As reasonable and intellectual as you can try to be, this affects you. It has to. You’re only human. Unless Donald Drumpf is reading this… It’s not fair in any way to the movie, but when your friends have assured you that it’s the cinematic equivalent of ascending into heaving while Jesus gives you a piggyback ride, even if the movie is only “good,” you feel disappointed. Two quick examples: John Wick and Looper. Social media didn’t tell me these would be exceptional films; it told me that John Wick redefined action movies forever and that Looper was the best time-travel movie ever made. I tried my hardest to tune out that hype, but you can’t unread words you’ve read. It’s like that old saying, “You can’t put Christina Aguilera back into the bottle.” Or something… As a result, two movies I have grown to love and would give a grade in the “A” range to now got labeled “B-“ and “C,” respectively. It’s as good a time as any to mention I believe film’s should get two grades from critics: One when we first see it, and one if we see it a second time. But the point is, friends who were excited about something I was excited about made me so excited that I wasn’t excited when I left the theater.

Worse yet, sometimes hype gets wasted on the undeserving. There are but three ways indie/art/foreign films break through to mass audiences: 1.) They receive adequate advertising from their studio (any indie director reading this will have to pause until they stop laughing), 2.) they win an award or get nominated for a big one or 3.) people hype the hell out of it on social media. This is why I saw The Witch, a movie that received just so much social media love, I couldn’t resist it, even though I generally loathe horror. If you read my review, hey thanks, pal! If you didn’t, know that I hated The Witch. Plus, I was extra pissed because “hype bombs” for smaller movies are seemingly rationed out in insanely tiny supplies. We get one, maybe two, indie flicks a year that ride a wave of the tweets and the Facebook to a degree of mainstream attention. Typically, we waste it on the coming-of-age story about a white teenage dude. But the last two years, it was It Follows and The Witch, both of which made me madder than I get when I think of Puppy-Monkey-Baby.

The point is, hype can’t be trusted. Hell, FiveThirtyEight just ran a great piece on how Fandango just straight LIES to you about how much people like a movie. They inflate their aggregate ratings numbers, a fact I knew had to be true after they said the new Fantastic Four movie had an average rating of 3/5. You can’t find three human beings in America who liked that movie. So between the studios using social media for advertising; friends bathing our eyeballs in hyperbolic, all caps joygasms and misplaced championing of undeserving indie fare, what are we to do?

I mean, the answer is realistically nothing. Like, if I could fix it, I wouldn’t be writing this. But I can tell you that I personally have begun watching how massively I hype a thing. “But Ryan, I’ve seen your Twitter! Didn’t you say Mad Max: Fury Road literally brought you back from the dead and redeemed your soul?” Yes. I probably did. But I only speak in the overly exaggerated parlance of our times if I really want to draw attention to something. I’m trying very hard to stop with the binary “OMG” or “SMDH.” If I like a movie, I only use social media to share a link to my review or address a particular angle. I realize that won’t change anyone or anything, but at least I feel better about not contributing to the problem.
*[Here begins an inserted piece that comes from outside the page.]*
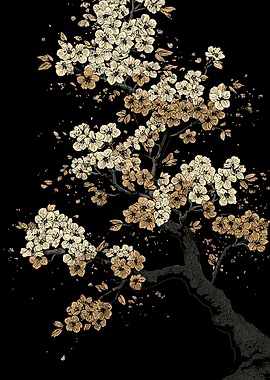 Golden Cherry Blossom Tree on Black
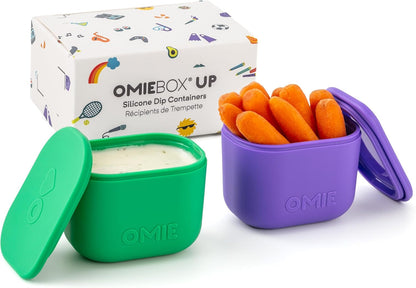OmieBox (2 pack) Leakproof Dips Containers To Go, Salad Dressing Container, Condiment Container with Lids - Food Safe Silicone - 4 ounces (Blue/Lime)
Look, I love talking about movies. Even when white dudes consumed by guilt about loving Hateful 8 desperately try to excuse Quentin Tarantino’s naked racism and misogyny throw verbal rocks at me, dialogue about movies is still my favorite thing. I’ll take the negatives that come with hype for the positives that come with a platform to engage in more cinematic discussions. But if any of you have tips for how to keep hype in check, hit me up. Because, I have to tell you, given what I’m hearing about the actual content of Batman v Superman: Dawn of Justice, fanboys who have been tweeting that they are only staying alive to see the film are going to need a lot of counseling.